For this point, Application Note 312 seems to be the most valuable document. It provides following information:

  • section 3.5: This simple implementation results in a reduced need for barriers in a number of situations when code is only intended to ever run on the Cortex-M0. All use of DMB is redundant due to the inherent ordering of all loads and stores on the Cortex-M0.
  • section 4 provides case-by-case details. Among them:
    • There is no need to use a memory barrier instruction between each normal data access in memories.
    • There is no need to use a memory barrier instruction between each step during peripheral programming or peripheral access.
    • There is no need to insert memory barrier instructions between each SCS access, or between an SCS access and a Device memory access. (NVIC access is an SCS access)

To summarize: memory barrier instructions are supported on the Cortex-M0, in order to provide code compatibility for higher end processors. There is no need to use such instructions, as long as code is OK with following architecture characteristics:

  • all loads and stores always complete in program order
  • all Strongly-ordered load/stores are automatically synchronized to the instruction stream
  • interrupt evaluation is performed on every instruction
  • interrupt evaluation is performed between a CPSIE instruction and a following CPSID instruction
  • NVIC side-effects complete after less than two instructions following an NVIC load or store
  • the maximum prefetch size is two instructions, plus a fetch of two instructions in progress on the bus
  • Device and Normal load/stores may be pipelined
  • MSR side-effects are visible after one further instruction is executed.
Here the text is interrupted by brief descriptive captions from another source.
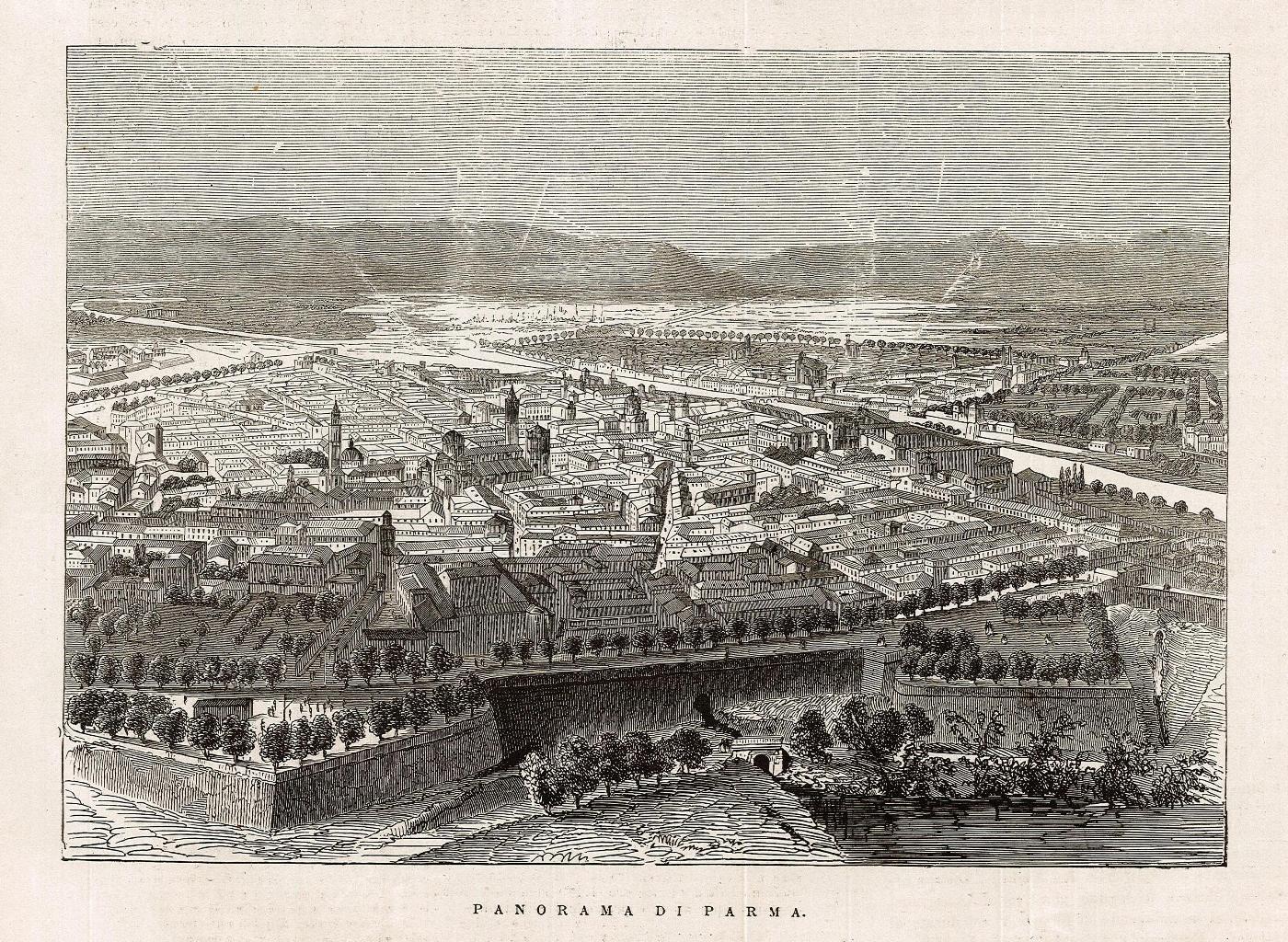 Panorama di Parma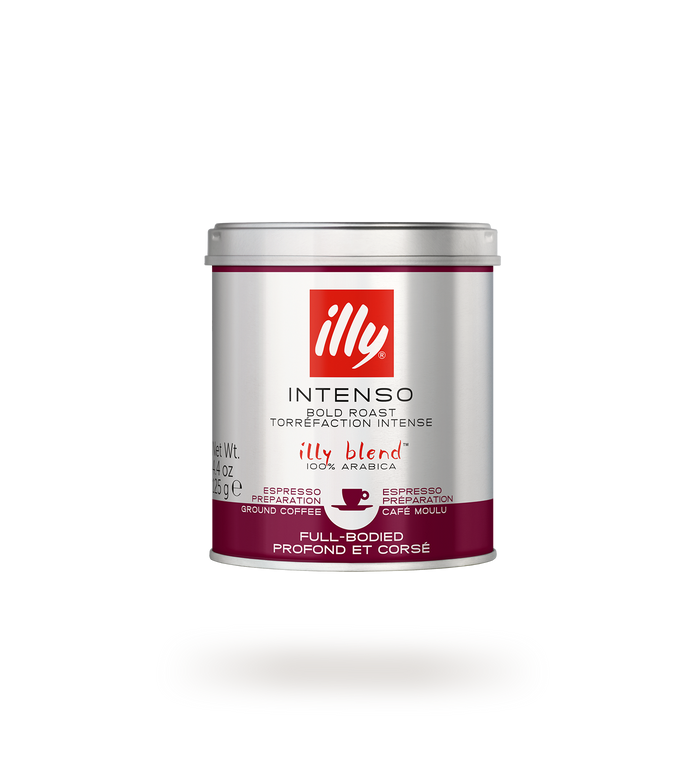 illy Intenso gemahlener Kaffee für Espresso 125 g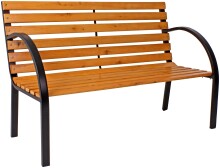 Gartenbank >Bellevue< (BxHxT: 122x80x60 cm) in...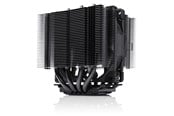 Chlodzenie CPU - Noctua NH-D9L chromax.black - Chłodzenie powietrzem procesora - Max 23 dBA - NH-D9L ch.bk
In case of any doubt while writing some code, refer to section 4 of the Application Note.

Clock

According to LPC111x Data Sheet:

  • The Internal RC oscillator (IRC) may be used as the clock source for the WDT, and/or as the clock that drives the PLL and subsequently the CPU. The nominal IRC frequency is 12 MHz. The IRC is trimmed to 1 % accuracy over the entire voltage and temperature range.
    Upon power-up or any chip reset, the LPC1110/11/12/13/14/15 use the IRC as the clock source. Software may later switch to one of the other available clock sources.
  • maximum CPU frequency: 50 MHz.

system_LPC11xx.c defines SystemCoreClock as being 48000000. It uses the system PLL to boost the external crystal frequency (12 MHz) to 48 MHz. See this page for an explanation of how the PLL is configured, easier to understand than the one in the User Manual. LPC_SYSCON->SYSAHBCLKDIV is set to 1.

Importing my 5.2 project

I have now to go on working on the project I initiated with 5.2 version. Before importing it, I import the right CMSIS core library, from the archive file that can be found in the Examples folder: /Applications/lpcxpresso_6.0.2_151/lpcxpresso/Examples/NXP/LPC1000/LPC11xx/LPC11xx_LatestCMSIS_Libraries.zip (I use the LPC1115 - the path is for OS X installation).

This LPC11xx version is derived from ARM's CMSIS version 3.20. Provided files are summarized here.
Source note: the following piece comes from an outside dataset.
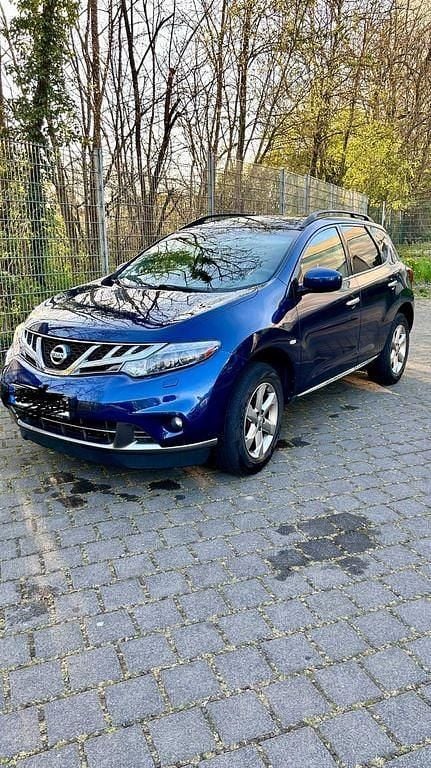 Gebraucht Nissan Murano 190 PS (139 kW) 2011 Blau SUV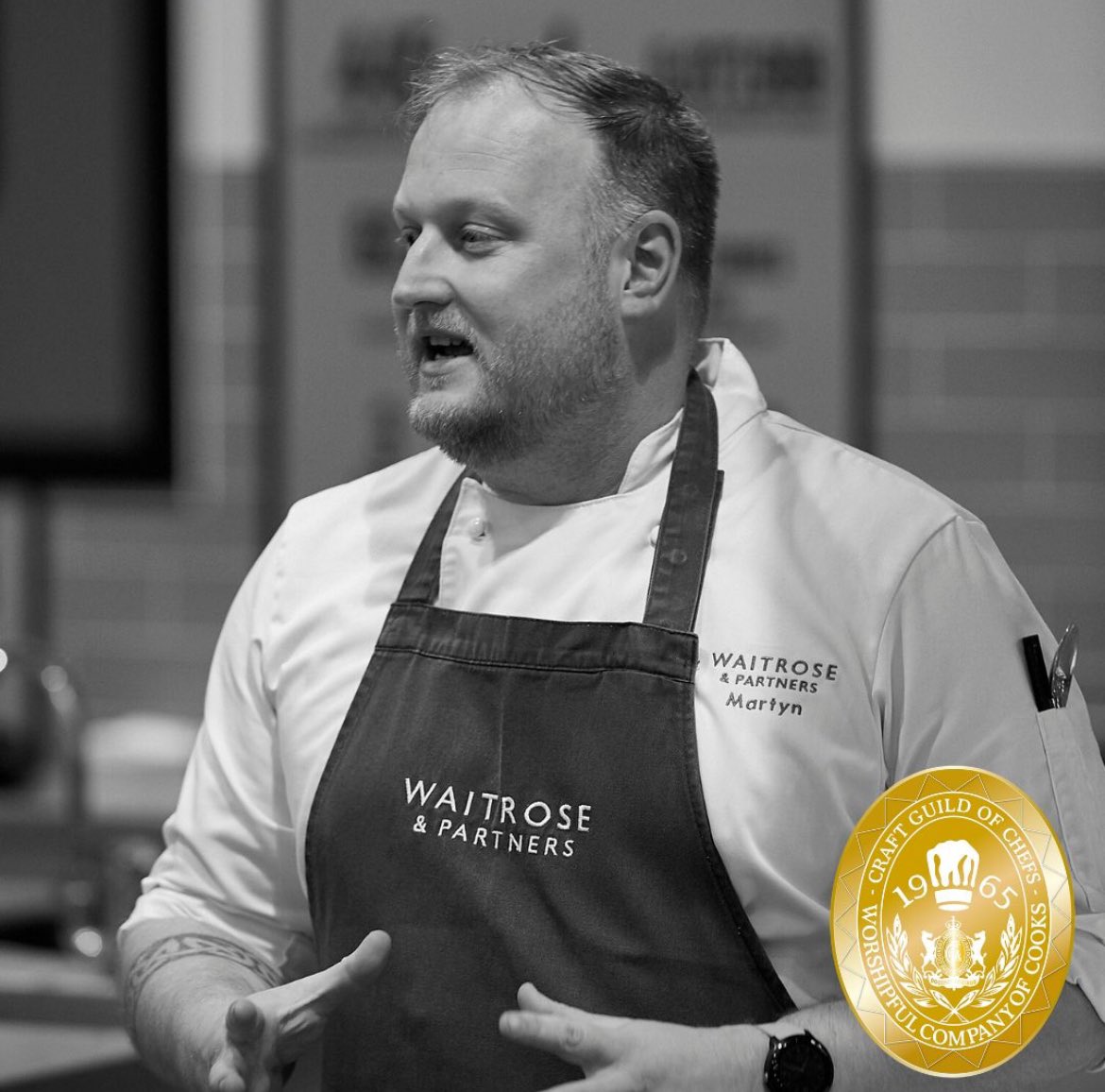The @Craft_Guild has revealed the shortlisted nominees for the 2024 #CGCAwards, known as the Chef’s Oscars, recognising the exceptional talent across the whole of the industry - good luck @chef_martyn of @waitrose nominated in the Development Chef category! Read more ⬇️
Using File / New / LPCXpresso C Project, I create an LPC11xx C Project (Semihosted), using the project wizard. I choose to disable Code Read Protect. Once this empty project is created, I copy source files from my 5.2 project into this new project. That's it!
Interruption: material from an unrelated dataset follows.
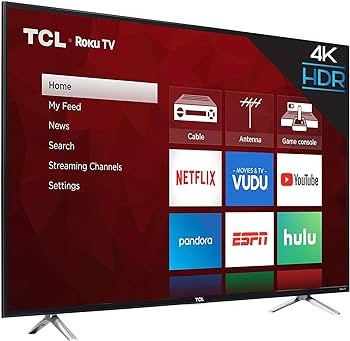 tv - Smart TV TCL 65 Pulgadas Smart Roku TV Class 4-Series 4K UHD HDR Base Gratis 7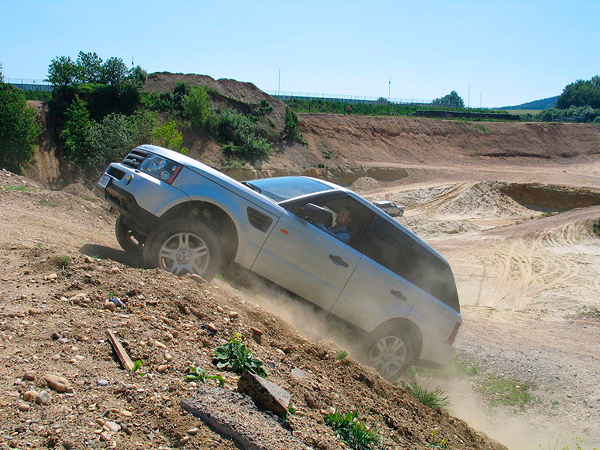 Range Rover Sport Offroad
Flashing production release

After having spent some time testing and debugging my first application, I wanted to generate a production release, and to flash it. I found this way:

  • in Project / Build Configurations / Set Active, select Release
  • comment out any existing printf statement
  • in Quickstart Panel,  click on Build '<projectName>' [Release]
  • in the tool bar, click on the Program Flash icon pf, after having selected the axf file generated in the Release subdirectory. If you don't select it beforehand, no problem, you will be able to select it afterwards, from the Program Flash window.